WHAT IS REQUIRED. Take the records below and set down exactly the lines from the one with "render site plan, masterplan, town" to the one with "VERSACE TWO-PACK BLACK", ends included; do not copy the pictures.

┄┄┄┄┄┄

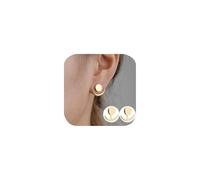 Boucles d'oreilles à double usage plaquées or 14 carats minimalistes avec motif soleil et lune pour homme et femme - Double usage - Style bohème simple - Punk hippie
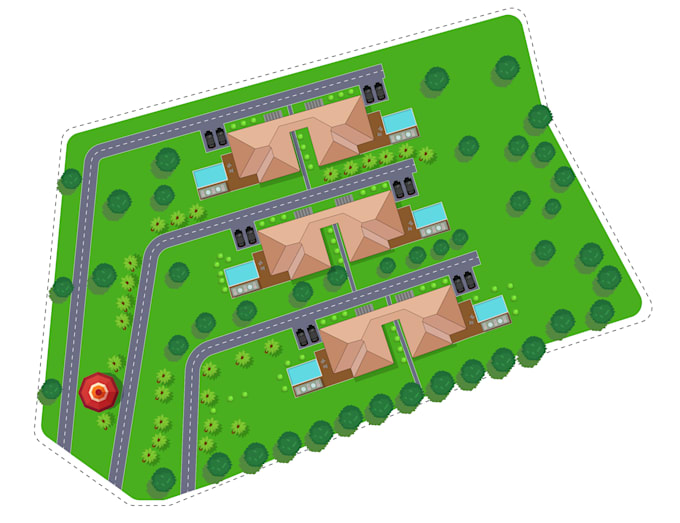 render site plan, masterplan, town maps, floor plans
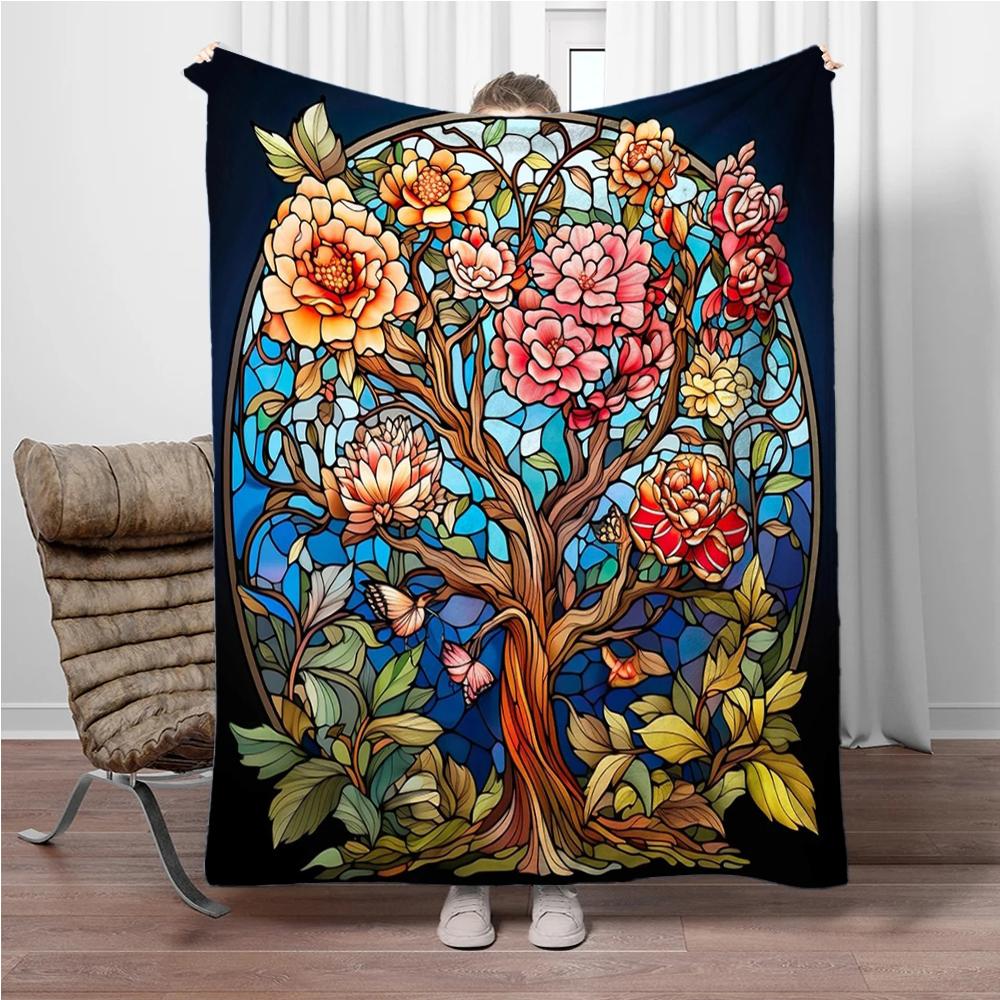 3D Abstract Tree Of Life Flannel Blanket Fluffy Children Sofa Plush Bedspread Throw Lunch Blanket for Sofa Bed Nap Cover Kids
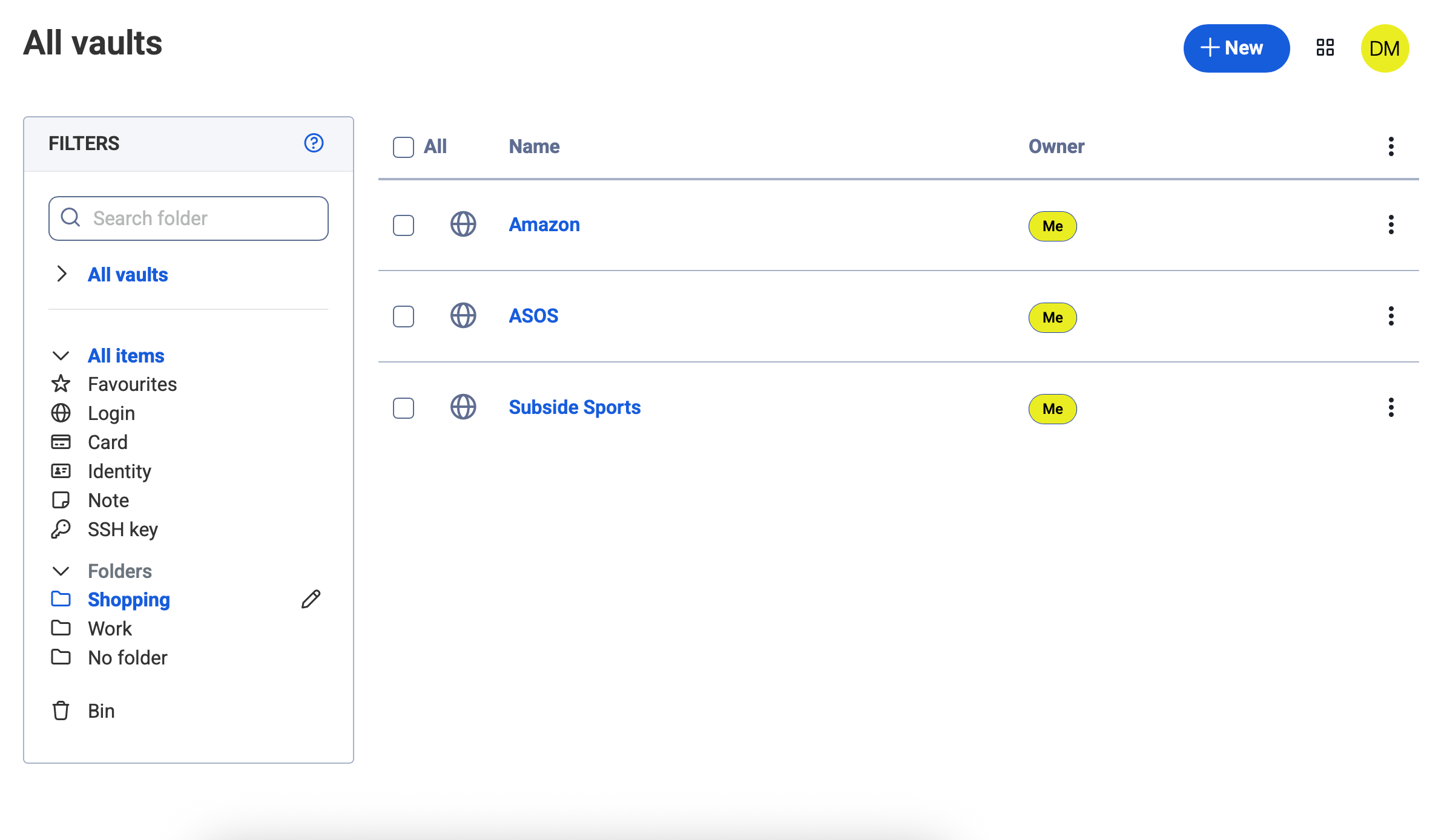 Folders in the Bitwarden App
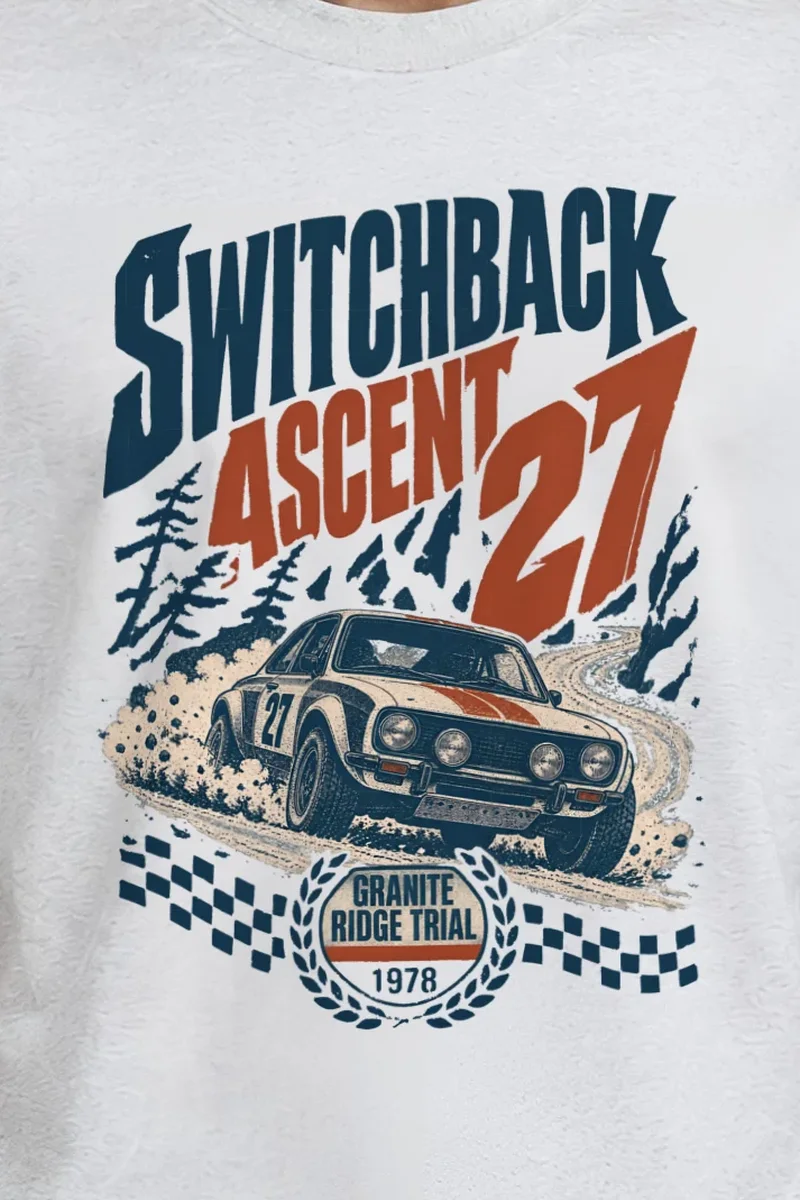 "Switchback Ascent" Heavyweight Unisex Crewneck T-shirt - the graphic up close
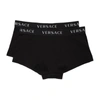 VERSACE TWO-PACK BLACK LOGO BAND BOXER BRIEFS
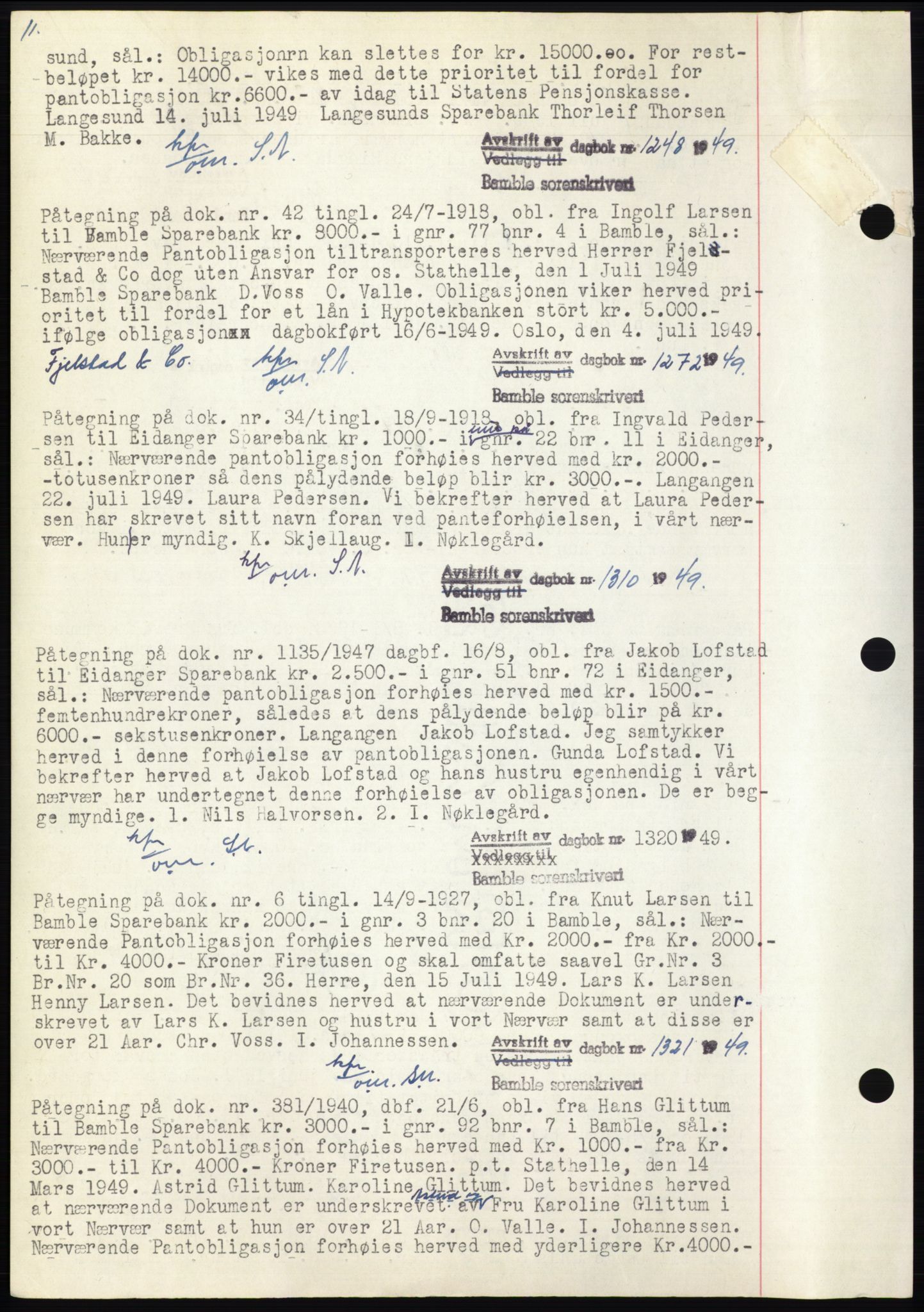 Bamble sorenskriveri, AV/SAKO-A-214/G/Ga/Gai/L0002: Mortgage book no. C-2, 1939-1951, Diary no: : 1248/1949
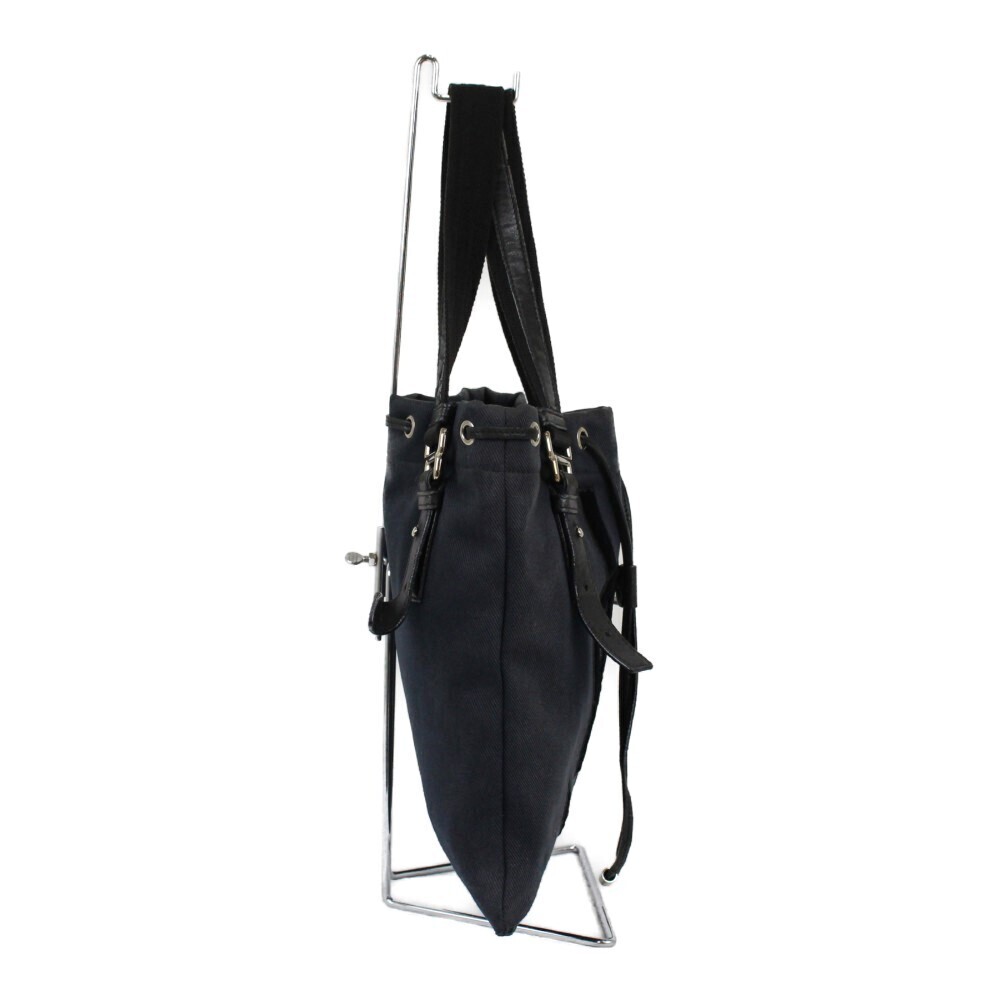 Yves Saint Laurent Kahala Tote Bag Black Canvas handbag classic YSL logo - Picture 3 of 7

┄┄┄┄┄┄

REPLY TO THE TASK.
 render site plan, masterplan, town maps, floor plans
 3D Abstract Tree Of Life Flannel Blanket Fluffy Children Sofa Plush Bedspread Throw Lunch Blanket for Sofa Bed Nap Cover Kids
 Folders in the Bitwarden App
 "Switchback Ascent" Heavyweight Unisex Crewneck T-shirt - the graphic up close
 VERSACE TWO-PACK BLACK LOGO BAND BOXER BRIEFS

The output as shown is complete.